Jeremy Lipshy: Please, please—from your lips to God’s ears. It’s funny, because we’re doing that same thing right now. From our end, from an operational perspective, it was a little bit different, just because we were already a Canadian-parented company, and we don’t make an APB 23 assertion. So, we have already been doing E&P calculations, withholding tax calculation estimates and residual U.S. tax liability on our CFCs that we still had underneath the U.S. group. So, a lot of it for us was just modification of that database. We also tried to [automatize] ours—do it through an automation project—so we built this model, so that way we can actually flush the data through on a faster basis and do scenario-analysis planning rather than just in spreadsheets. We linked it with the company’s ten-year model and all of our other FP&A groups so that way we can actually spit something out, if you will, on a very quick basis.

Nordlof: We didn’t have that. I would love to get there, to that situation, but we don’t have that right now. In fact, from a business perspective, we’re going through an interesting time as well. We have a couple big things going on at the same time. We used to be a perpetual license-based company, and we’re in the process of moving to a subscription-based company, so our revenue models are totally different this year than they were two to three years ago. Also, in the U.S. we have—and I assume you have it, too—the ASC 606-605 deferred revenue challenge—

Lipshy: Yes.

Nordlof: So it’s an interesting year to also digest tax reform.

Lipshy: It was the confluence of all events, right?
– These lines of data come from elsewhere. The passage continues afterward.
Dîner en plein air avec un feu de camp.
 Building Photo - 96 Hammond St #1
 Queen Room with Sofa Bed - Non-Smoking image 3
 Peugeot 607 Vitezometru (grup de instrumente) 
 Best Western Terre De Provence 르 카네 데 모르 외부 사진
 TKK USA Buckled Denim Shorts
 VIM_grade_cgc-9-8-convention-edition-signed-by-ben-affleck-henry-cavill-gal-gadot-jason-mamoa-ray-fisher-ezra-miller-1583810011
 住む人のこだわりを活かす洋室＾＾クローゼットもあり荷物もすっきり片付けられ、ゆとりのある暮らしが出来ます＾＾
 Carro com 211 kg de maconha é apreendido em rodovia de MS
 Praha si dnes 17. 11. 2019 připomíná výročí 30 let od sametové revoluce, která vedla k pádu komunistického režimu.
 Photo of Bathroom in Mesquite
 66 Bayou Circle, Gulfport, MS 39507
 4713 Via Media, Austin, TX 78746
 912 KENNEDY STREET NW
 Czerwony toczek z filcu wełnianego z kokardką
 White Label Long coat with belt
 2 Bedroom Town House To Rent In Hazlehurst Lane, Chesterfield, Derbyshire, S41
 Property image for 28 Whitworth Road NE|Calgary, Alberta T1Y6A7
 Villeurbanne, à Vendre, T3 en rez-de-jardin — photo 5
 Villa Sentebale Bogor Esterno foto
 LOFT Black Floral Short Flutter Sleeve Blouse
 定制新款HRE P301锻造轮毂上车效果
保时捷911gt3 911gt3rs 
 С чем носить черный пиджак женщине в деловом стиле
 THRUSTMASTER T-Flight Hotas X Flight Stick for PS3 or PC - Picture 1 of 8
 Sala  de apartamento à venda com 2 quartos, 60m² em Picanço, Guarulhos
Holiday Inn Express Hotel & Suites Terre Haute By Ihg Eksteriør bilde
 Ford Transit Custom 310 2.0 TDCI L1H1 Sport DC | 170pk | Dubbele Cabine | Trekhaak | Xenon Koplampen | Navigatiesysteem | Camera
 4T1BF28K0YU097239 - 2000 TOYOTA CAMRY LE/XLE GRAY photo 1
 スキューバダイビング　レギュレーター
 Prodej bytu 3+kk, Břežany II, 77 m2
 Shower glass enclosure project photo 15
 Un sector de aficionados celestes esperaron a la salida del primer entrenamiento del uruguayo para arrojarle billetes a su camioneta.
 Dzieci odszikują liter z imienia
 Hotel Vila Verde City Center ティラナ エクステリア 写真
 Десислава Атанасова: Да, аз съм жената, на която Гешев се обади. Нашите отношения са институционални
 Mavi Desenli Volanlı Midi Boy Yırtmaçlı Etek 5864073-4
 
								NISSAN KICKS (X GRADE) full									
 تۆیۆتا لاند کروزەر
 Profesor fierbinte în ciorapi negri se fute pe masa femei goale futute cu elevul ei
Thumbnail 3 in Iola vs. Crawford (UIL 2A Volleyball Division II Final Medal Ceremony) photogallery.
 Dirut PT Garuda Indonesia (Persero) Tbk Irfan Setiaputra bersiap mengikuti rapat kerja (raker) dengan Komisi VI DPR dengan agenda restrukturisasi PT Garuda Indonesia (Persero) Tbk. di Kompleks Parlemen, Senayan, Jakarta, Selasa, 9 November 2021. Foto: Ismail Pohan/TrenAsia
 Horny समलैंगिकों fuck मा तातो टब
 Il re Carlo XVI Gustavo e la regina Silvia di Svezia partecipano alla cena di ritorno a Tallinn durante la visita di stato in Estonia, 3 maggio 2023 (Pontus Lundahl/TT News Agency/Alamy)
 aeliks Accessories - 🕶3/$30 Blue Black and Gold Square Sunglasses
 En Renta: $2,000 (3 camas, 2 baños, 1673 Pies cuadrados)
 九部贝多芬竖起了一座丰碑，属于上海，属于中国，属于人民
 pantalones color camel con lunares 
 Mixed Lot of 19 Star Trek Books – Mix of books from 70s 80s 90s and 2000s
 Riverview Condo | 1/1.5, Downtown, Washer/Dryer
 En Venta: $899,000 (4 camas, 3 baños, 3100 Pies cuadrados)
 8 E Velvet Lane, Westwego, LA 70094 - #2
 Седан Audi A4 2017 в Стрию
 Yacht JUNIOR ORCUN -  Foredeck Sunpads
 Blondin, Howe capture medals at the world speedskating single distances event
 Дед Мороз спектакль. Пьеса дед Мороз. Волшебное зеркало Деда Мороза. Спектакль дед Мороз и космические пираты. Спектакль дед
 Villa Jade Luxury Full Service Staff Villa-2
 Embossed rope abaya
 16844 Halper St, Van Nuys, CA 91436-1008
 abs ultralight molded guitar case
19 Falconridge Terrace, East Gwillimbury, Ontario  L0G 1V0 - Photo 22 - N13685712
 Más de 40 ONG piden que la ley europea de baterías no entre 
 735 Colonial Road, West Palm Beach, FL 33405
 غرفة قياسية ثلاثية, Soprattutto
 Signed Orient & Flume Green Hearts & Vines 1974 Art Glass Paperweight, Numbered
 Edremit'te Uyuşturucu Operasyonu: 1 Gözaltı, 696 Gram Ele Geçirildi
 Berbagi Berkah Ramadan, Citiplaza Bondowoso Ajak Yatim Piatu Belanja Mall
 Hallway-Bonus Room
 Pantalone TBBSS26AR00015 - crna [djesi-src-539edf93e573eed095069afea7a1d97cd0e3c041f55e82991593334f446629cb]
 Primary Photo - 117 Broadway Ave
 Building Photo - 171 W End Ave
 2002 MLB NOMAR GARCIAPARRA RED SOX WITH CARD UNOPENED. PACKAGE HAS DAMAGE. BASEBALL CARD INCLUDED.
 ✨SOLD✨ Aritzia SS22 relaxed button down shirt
You had different accounting standards, revenue recognition, you had a large tax reform, a short period to do it, all at the same time that both of our companies are going through infrastructure changes. So, we’re looking at doing an ERP implementation at the same time and trying to figure out how it dovetails and how you build the flexibility out. We all would like to explore alternatives to spreadsheets to a certain degree, but when it comes to modeling, when it comes to alternative planning and being nimble as they change rules and give additional guidance, you still have a need for spreadsheet-based models in the interim.

Nordlof: That’s right. For us, from a technology standpoint, we just couldn’t get the IT support, because getting the deferred revenue implementation was so critical from a technology standpoint. Autodesk went live with the new revenue standard in the first quarter we went live with tax reform. There was simply not enough time to build automation.

Deciding on a Strategy

Deutsch: Kirsten, you mentioned you had a lot of internal resources that were tied up. In getting data, how have you changed, or, if you can, comment around making that shift between initial paths and either how you’re planning for additional refinement to the data, or how have you shifted between those two periods? Did you see yourselves refining the models you had more, or are you trying to step back and insert a bit more rigor around it in light of your company’s changes?

Nordlof: On the transition tax, like Jeremy, we only had very limited APB 23 assertion. We had some decent knowledge of what our E&P was. We had engaged an outside service provider two years ago as part of a planning project to do an E&P study on all our material entities. So, we really only had to update that for two years. A lot of our modeling and concern was whether it would be better for the transition tax to use our NOLs or our foreign tax credits. How would we be able to use our foreign tax credits going forward under the new GILTI regime? All these things there is a lot of uncertainty to, so we didn’t spend a lot of time refining our information sources from our internal resources, but more just trying to really understand all the scenarios that we needed to play out and model out. It was more around fact-gathering from a tax perspective.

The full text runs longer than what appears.